The eigenvectors are sinusoidal with increasing modes and approximate to the true values well (see at the very end)
I was recently working on a homework assignment for a numerical linear algebra class and
ran into some interesting problems. The goal was to numerically compute the
eigenvectors of the discrete Laplacian, but with (what was hoped to be) better precision,
torch.eig() gives almost correct solutions that oscillate wildly.

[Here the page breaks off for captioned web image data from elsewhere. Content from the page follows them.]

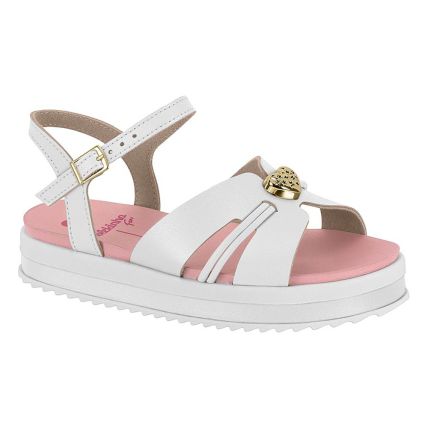 Sandália Feminina Molekinha 2305.1574.23876 - Branco - Atacado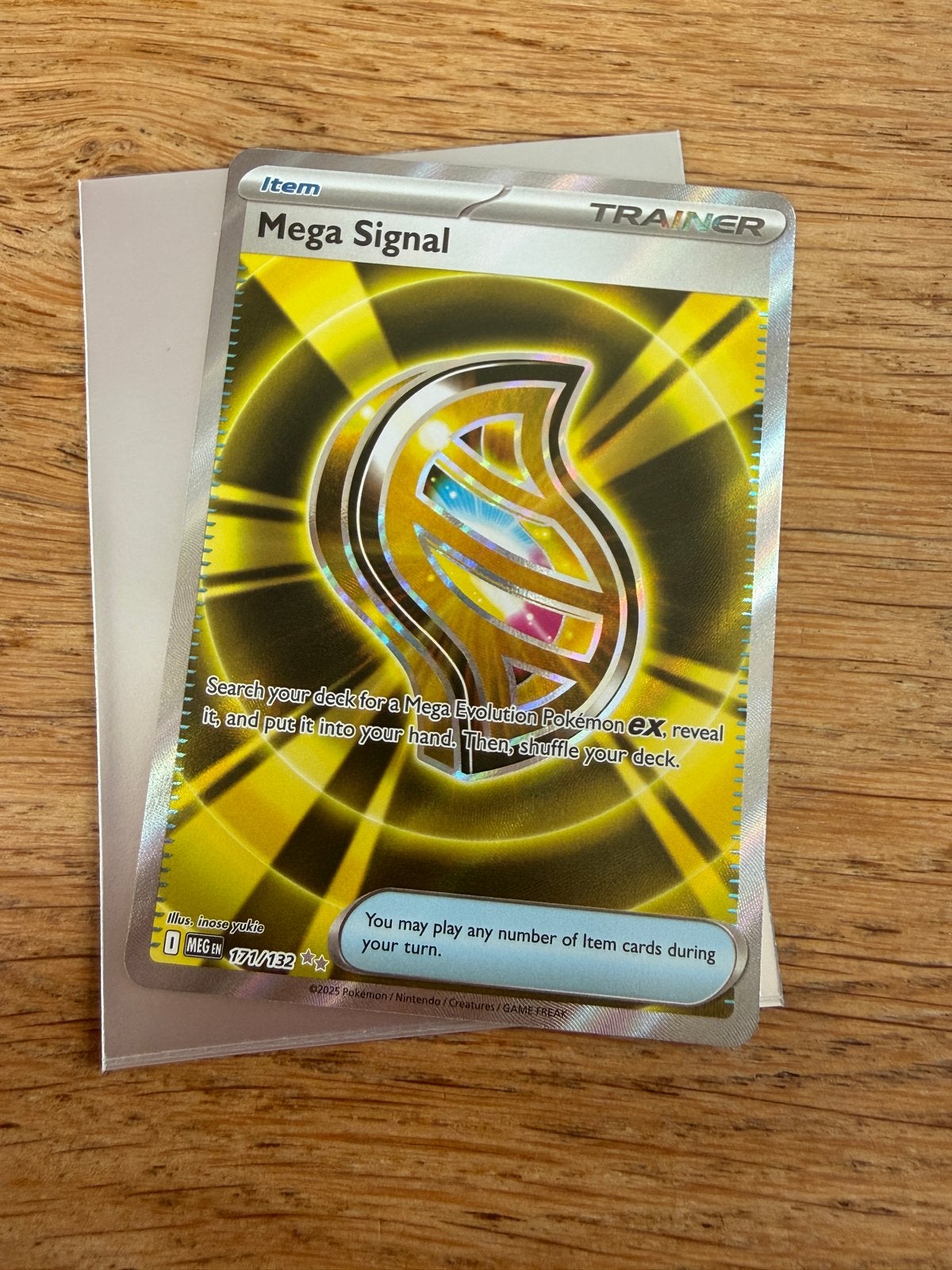 Pokemon TCG Mega Signal Trainer Kaart 171/132 Foil, Hobby en Vrije tijd, Verzamelkaartspellen | Pokémon, Nieuw, Meerdere kaarten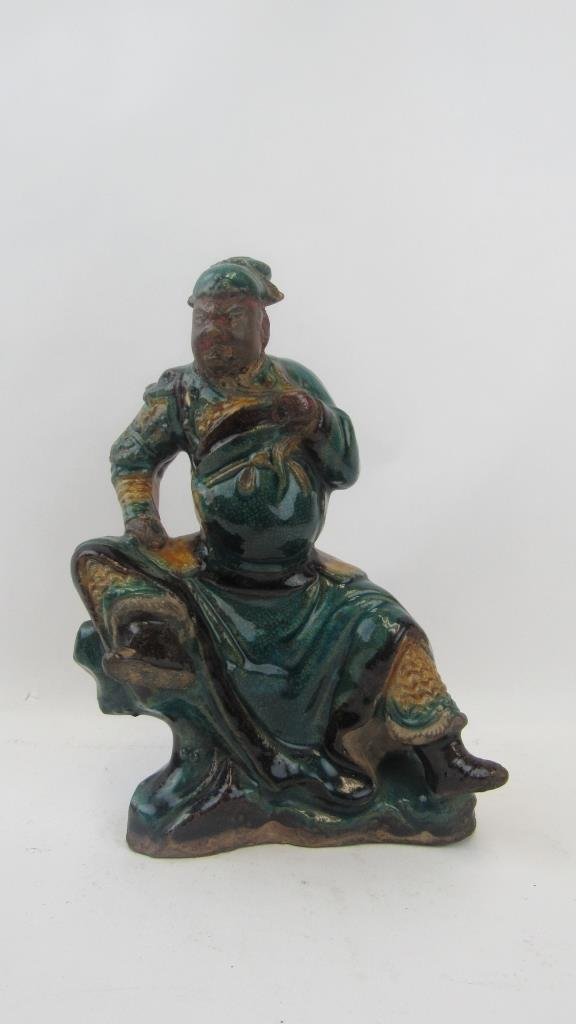 Chinese Ming-Styled Glazed Pottery Figure (1 of 6)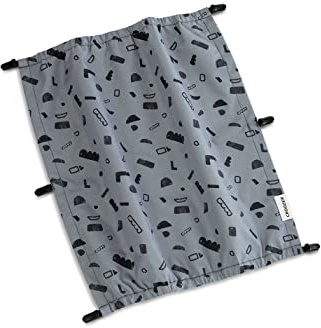 Croozer, Sonnenschutz Double Blue Patterned, Parasol, Grün, Unisex-Adult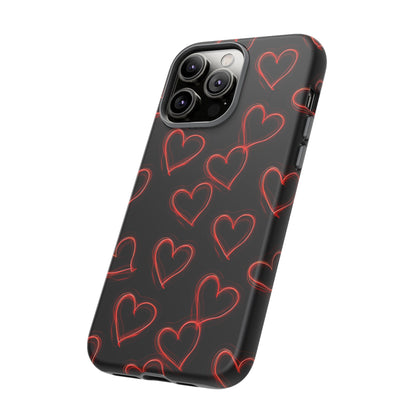 Neon Heartbeat - Phone Case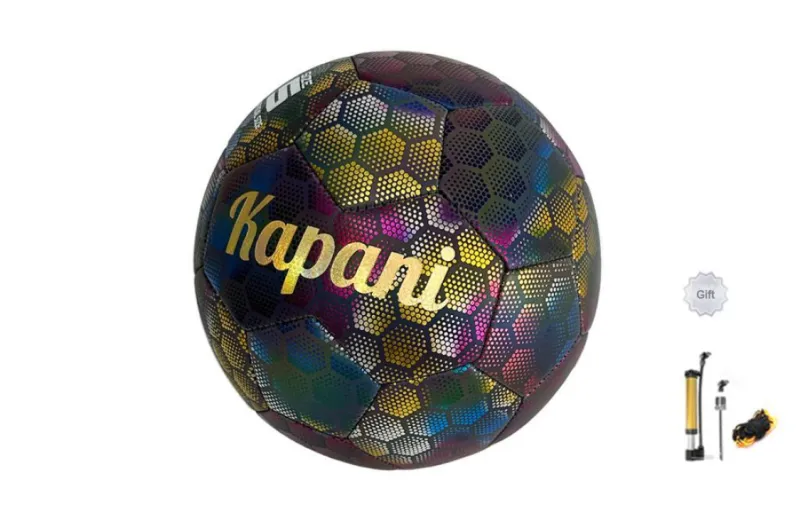 MILACHIC Size 5 Soccer PU Machine Stitched Soccer Ball Unisex Dazzling Color-0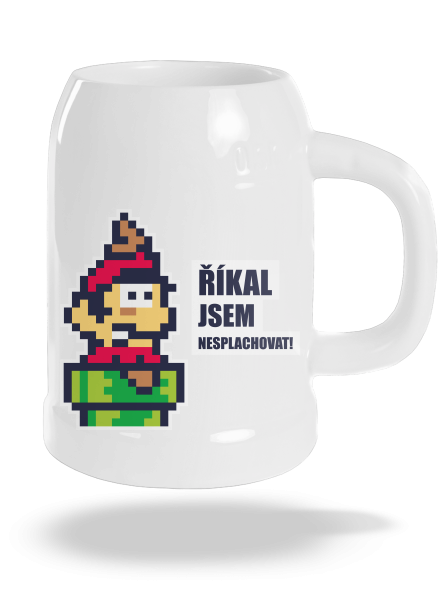 Nesplachovat půllitr White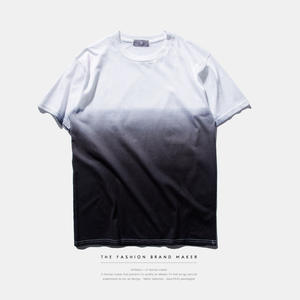 Chemises pour hommes à manches courtes en coton 100% personnalisées en gros, dégradé tie-dye - Product Image 6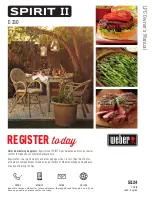 Preview for 1 page of Weber Spirit II E310 User Manual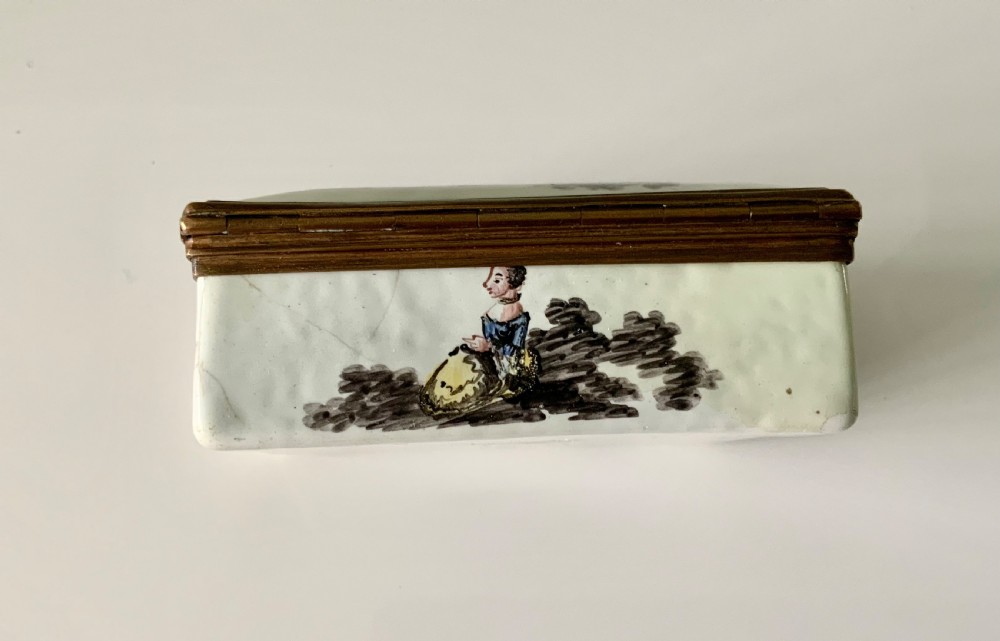 18th century enamel box View III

Consider the continuous eigenvalue problem with boundary values
$$
\begin{cases}
\phi_{xx} &= \lambda \phi \\
\phi(0) &= 0 \\
\phi(1) &= 0
\end{cases}
$$
This is frequently used in PDEs to decompose solutions of a BVP
in terms of eigenfunctions \(\phi^{(k)}\) (which we derive at the end of this post). In simple words,
if applying the second derivative just rescales a function, you might hope to decompose your intial conditions,
and be able to evolve them by scaling.
To solve this numerically, things need to be discretized. We represent the domain \([0,1]\)
with \(x \in \mathbb{R}^{n+2}\) by
$$
h = \frac1{n+1} \text{ and } x_i = ih
$$
\(x\) is a vector representing the endpoints of a partition. To approximate \(u(x)\) we use the
vector \(u_i = u(x_i)\) evaluated on the partition.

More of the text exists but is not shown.